Na visão das empresas, o projeto de lei cria novas obrigações para as big techs que violam o Marco Civil da Internet, principal lei que regula o setor no Brasil. A norma, de 2014, estabelece que empresas só podem ser punidas civilmente por conteúdo de terceiros se não removerem após ordem judicial, a não ser nos casos de nudez não consentida ou violação de propriedade intelectual.

O projeto de Vieira estabelece que as empresas devem retirar do ar o conteúdo que viola os direitos de menores de idade assim que receberem denúncias, "independentemente de ordem judicial". Segundo o projeto, "notificados acerca de violações aos direitos de crianças e adolescentes", os provedores devem oficiar o Ministério Público.

As companhias argumentam que não fica claro como funcionará o mecanismo de denúncias.

"Temos que aprender a deixar para trás o tempo romântico do Marco Civil, quando se achava que a internet era neutra; a internet é como qualquer outro segmento econômico e precisa ser regulada", diz o senador.

A iniciativa de regular o ambiente digital para crianças e adolescentes ocorre ao mesmo tempo em que o tema está no topo das discussões mundiais. Nos Estados Unidos, onde o Congresso discute a legislação Kosa (Kids Online Safety Act), o fundador do Facebook, Mark Zuckerberg, foi acusado em audiência púbica de ter sangue em suas mãos por causa dos casos de suicídio entre adolescentes e exploração sexual de crianças e jovens possibilitados pelas redes sociais. Diversos estados americanos estão processando a Meta, dona do Facebook e Instagram.

Para entidades da sociedade civil no Brasil, a tramitação do projeto de lei está se dando de forma apressada. Em nota, a Coalizão Direitos na Rede criticou a "falta de abertura para debates mais amplos". Mas elogiou o dispositivo que proíbe a perfilização de crianças e adolescentes para direcionamento de publicidade.

"O perfilamento para fins comerciais é uma prática invasiva que compulsivamente registra e analisa os hábitos de interação com as tecnologias para tentar prever o desejo do consumidor e oferecer itens aos quais ele seja mais propenso a comprar, tornando muito mais difícil a resistência à publicidade."

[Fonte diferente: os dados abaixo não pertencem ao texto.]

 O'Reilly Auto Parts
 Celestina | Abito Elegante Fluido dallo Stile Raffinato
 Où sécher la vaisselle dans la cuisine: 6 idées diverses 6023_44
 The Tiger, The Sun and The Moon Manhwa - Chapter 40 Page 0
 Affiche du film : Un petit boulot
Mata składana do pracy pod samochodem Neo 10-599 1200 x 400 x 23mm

Uma medida semelhante é parte da Lei de Serviços Digitais (DSA, na sigla em inglês) que está em vigor na União Europeia. O texto de Vieira também prevê relatórios de transparência sobre denúncias de violações, a exemplo da DSA.

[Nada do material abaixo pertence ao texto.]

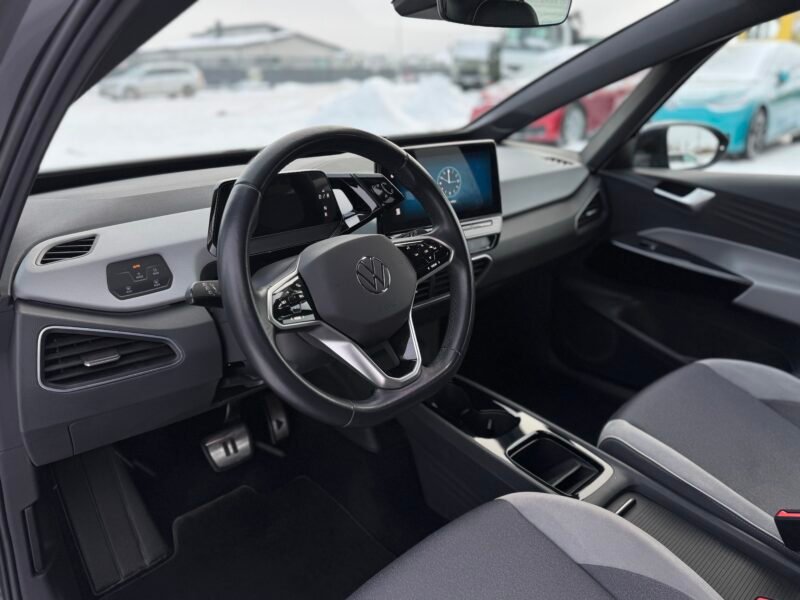 Volkswagen ID.3, 82 kWh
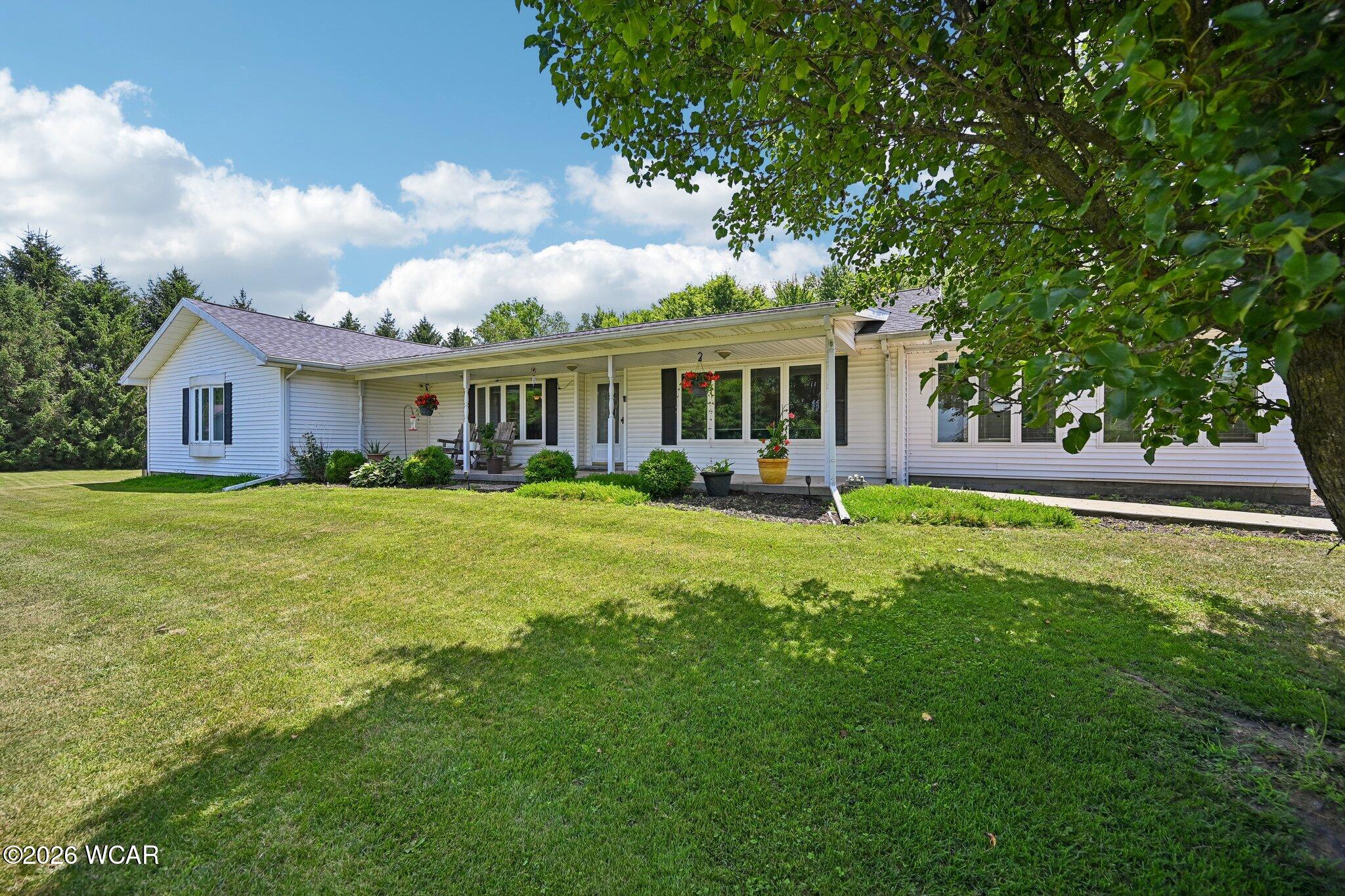 3357 County Road18, Bellefontaine, Ohio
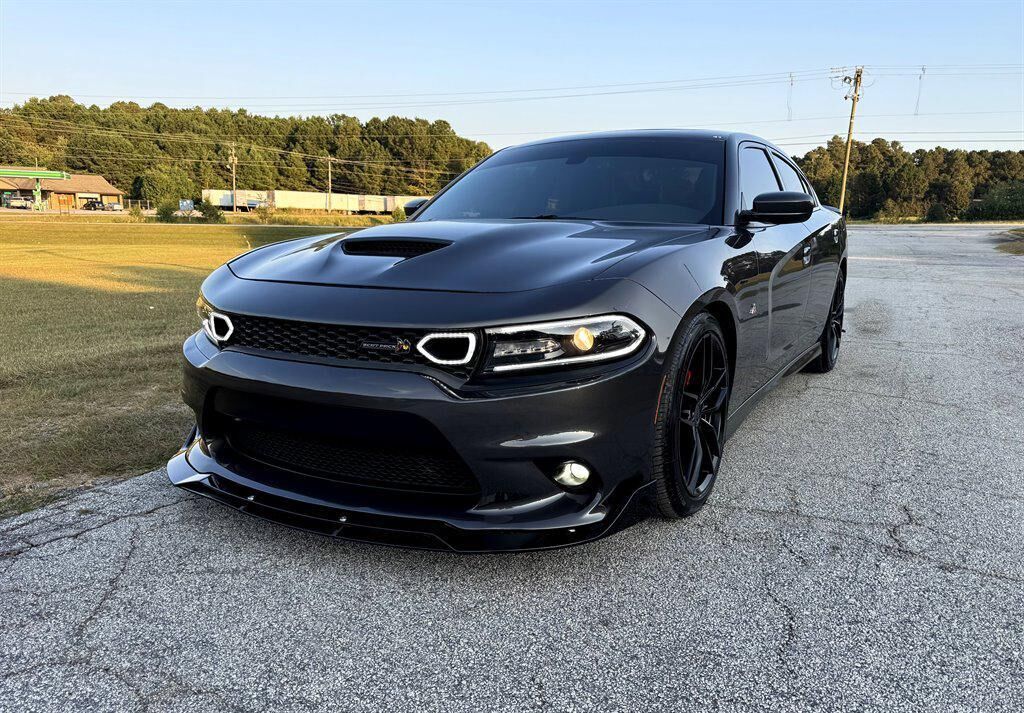 2016 DODGE Charger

O texto não define o órgão que iria fiscalizar o cumprimento da lei, deixando em aberto a possibilidade de o Executivo criar uma agência reguladora ou ampliar escopo de alguma existente, como a Agência Nacional de Proteção de Dados (ANPD).

"A lei é muito bem-vinda, pois se propõe a proteger os direitos das crianças na internet e a responsabilizar desenvolvedores e fornecedores; há muitos aspectos positivos, como a vedação da perfilação de crianças, a coleta invasiva de dados, restrições aos chamados 'padrões enganosos', que podem viciar os usuários", diz Maria Mello, coordenadora de programas do Instituto Alana.

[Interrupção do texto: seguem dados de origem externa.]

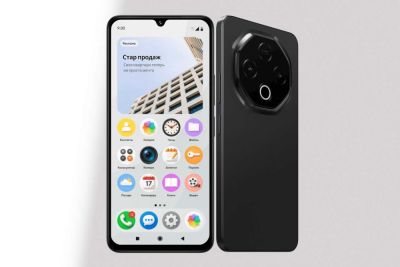 Компания Бюро цифровых проектов анонсировала бесплатный Смартфон за внимание с показом рекламы - playground.ru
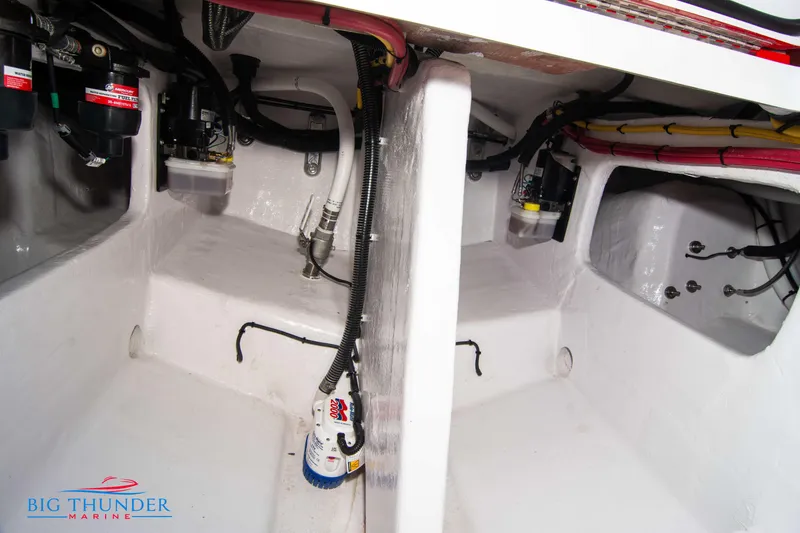 Slide: The Image of Donzi 39 VRZ 2024 - 109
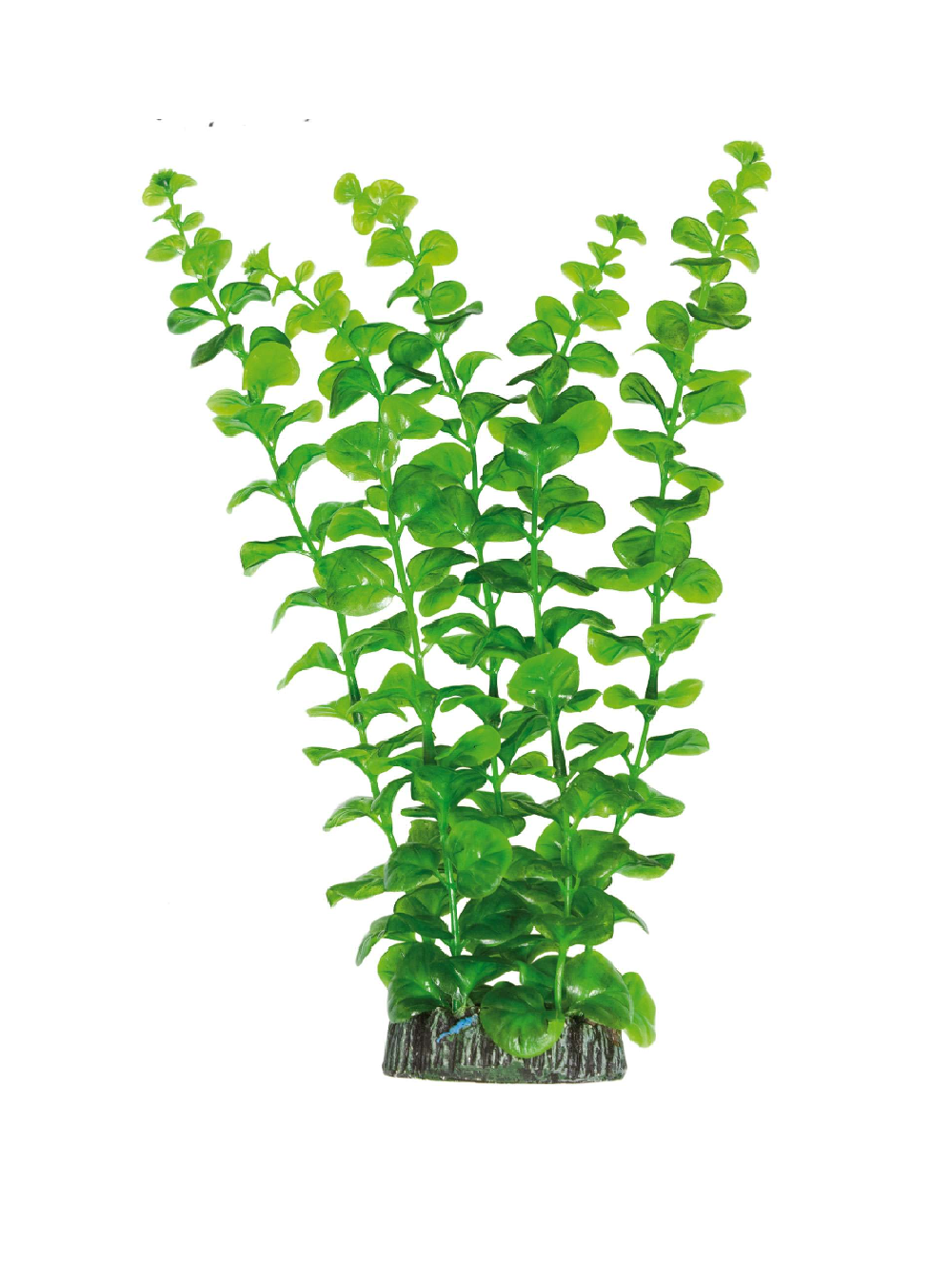AP1010 planta plastica bacopa aurea 28cm
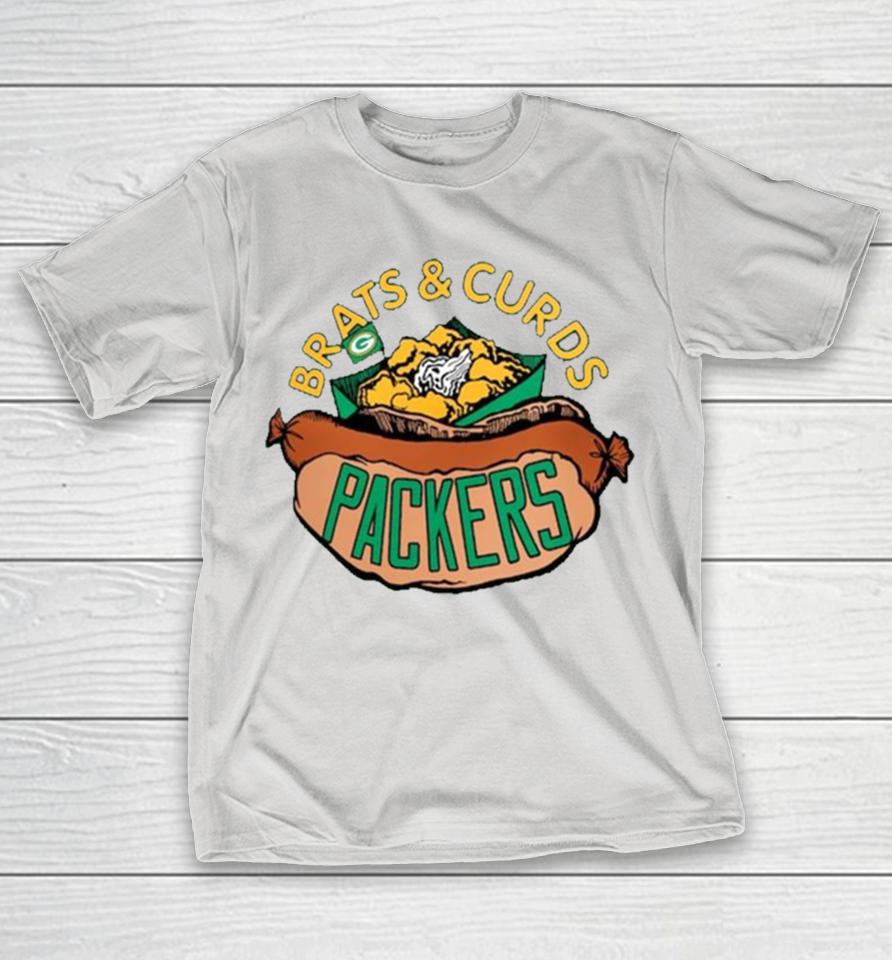 Green Bay Packers Homage NFL x Guy Fieri’s Flavortown Tri Blend Shirts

PROPOSTA APRESENTA LACUNAS

Para atender às regras, provedores de redes sociais deverão aprimorar continuamente seus mecanismos de verificação de idade para identificar contas operadas por crianças. Mas o controle desse tipo de acesso é falho, e que medidas de verificação muito invasivas podem implicar violação de privacidade.

O projeto também determina que as big techs adotem "medidas razoáveis" no desenho e na operação de seus produtos para impedir "exploração e abuso sexual de crianças e adolescentes", bullying e assédio virtual, conteúdo relacionado a suicídio e transtornos alimentares, promoção e comercialização de narcóticos e bebidas alcoólicas e práticas publicitárias predatórias, injustas ou enganosas, entre outros.

O texto, no entanto, não explica o que seriam "medidas razoáveis".

"O Brasil segue com a iniciativa a tendência mundial de regulação da internet pela proteção de crianças. Pode-se ser contra e mover montanhas para não regular fake news, mas quem seria contra proteger crianças no meio digital?", diz Ricardo Campos, docente na Goethe-Universität, na Alemanha, que colaborou na elaboração do projeto.